Plover Lessons: the Long-Term Perspective
Snowy Plover data.

How important is each site in a region to a threatened population of Snowy Plovers? Is the plover's reproductive success sufficient to sustain, or even increase, the population? Are there actions we can take to improve suitable habitat? Reliable answers call for data from many years: shorter-term findings may be deceptive.

PRBO has monitored plovers for 27 years at the Pajaro River mouth on Monterey Bay. For the first 9 years, 8-26 pairs of plovers nested there, but in only 3 years did they fledge enough young to avoid population declines. This reduced the number of adult birds arriving (maturing) to breed at this site: during the next 9-year period, the number of nesting pairs declined dramatically. The few that remained produced less than a third the number of young required for population maintenance every year (minimum fledglings per male).
The number of chicks that each male Snowy Plover can fledge varies widely at a single nesting area. Photo by Jack Haverty

Cooperative work then began to protect plover eggs and chicks (see page 11); it paid off. The number of nesting plovers at the river mouth began a climb to their present 50-plus pairs, and reproductive success met or exceeded the minimum for population maintenance in 6 of the last 9 years.

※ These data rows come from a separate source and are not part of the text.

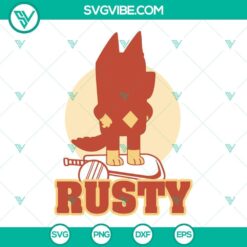 Rusty Bluey and Friends SVG design for download - PNG, DXF, EPS Cut Files, featuring Bluey Dog and friends in a vibrant and detailed design.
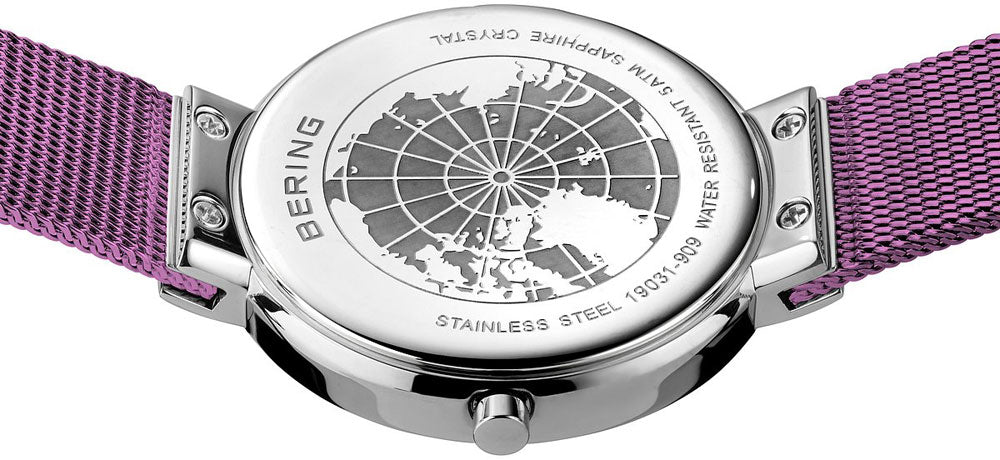 Bering Ultra Slim 19031-909 Damenuhr • Kratzfestes Saphirglas • Feines Milanaise-Armband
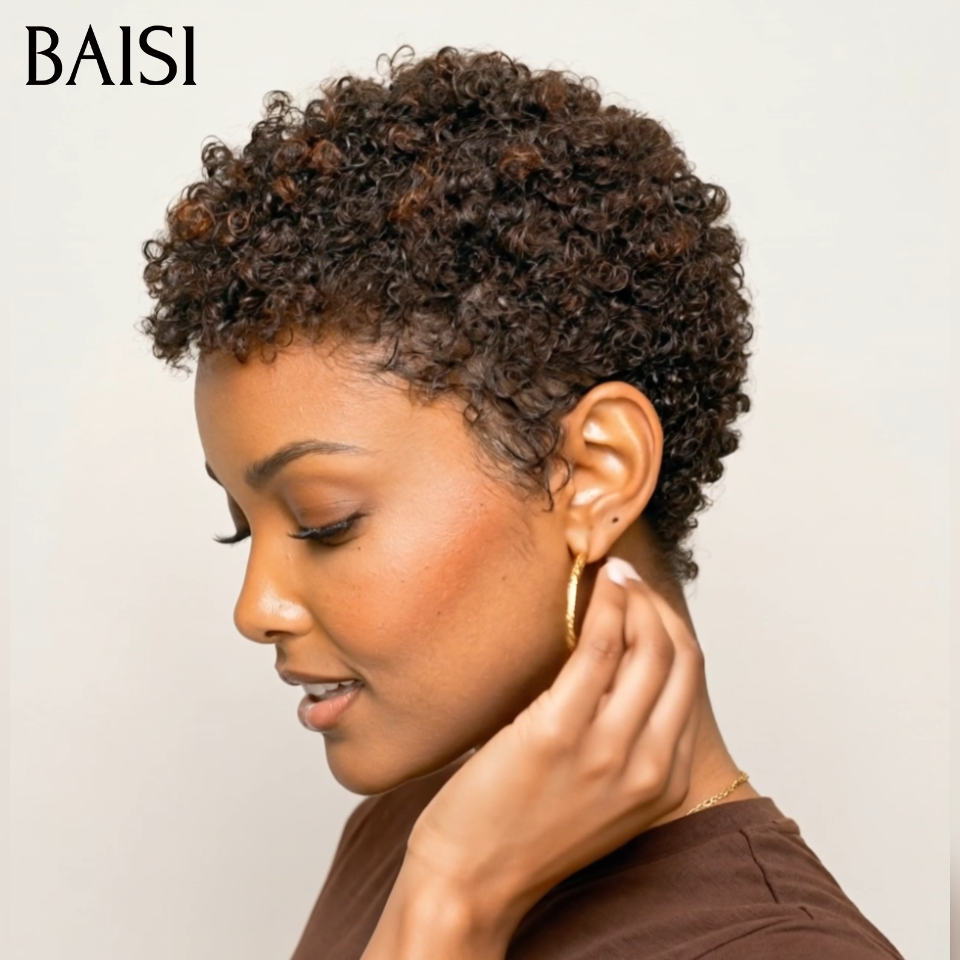 BAISI Compre no mínimo 2 perucas ao preço de fábrica do fornecedor em França IVA 0€ Entrega em 48H pixie sem lace afro curly wave em preto castanho misto 40€ ou 13x4 Lace Frontal Peruca BOB Deep Wave Bob Sem Cola Lace em 100% Cabelo Humano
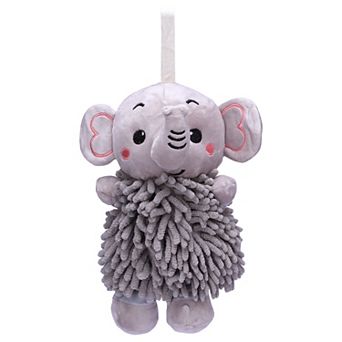 1 pc Chenille Hand Towels, Cute Cartoon Elephant Plush Fuzzy Ball Hand Towel with Hanging Loop 7"x11"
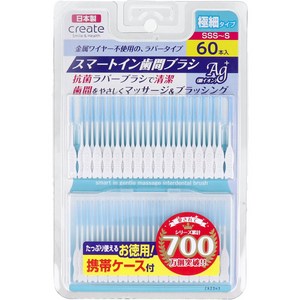 일본 치간칫솔 스마트인 치아케어 휴대용 부드러운 실리콘 타입 SSS-S 60개입, 0.5mm, 1개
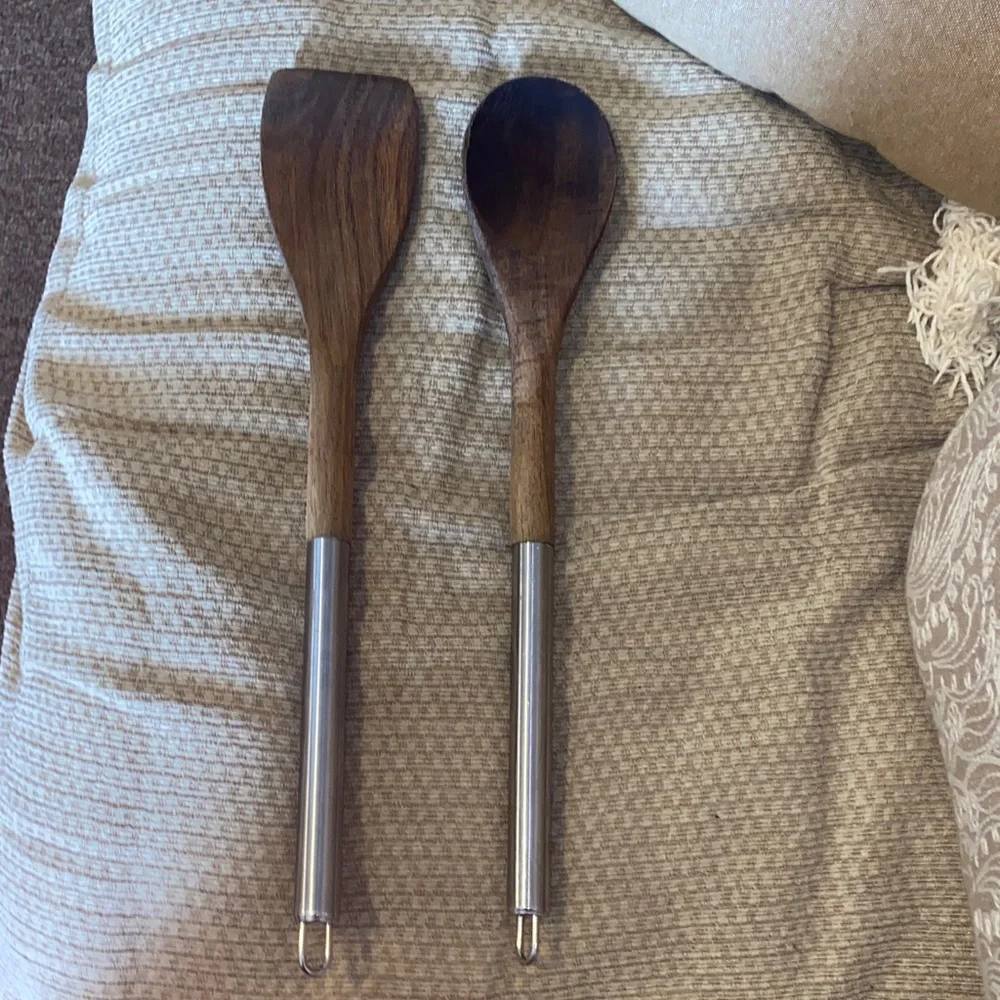 🤎EUC Wooden Spoon and Spatula Set with Stainless Handles - Brown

The middle third of this study would suggest that Pajaro River mouth is not very important to Snowy Plovers in the region: birds there produced less than 3% of the fledged young from Monterey Bay beaches in 1987-1995. In the last 9-year period, though, plovers on this relatively small portion of shoreline have produced up to a third of the young from Monterey Bay beaches. Thanks to the last 9 years of a long-term effort, we are discovering the key actions to improve the quality of the habitat. With active management and human sensitivity, it should be possible to recover this threatened species.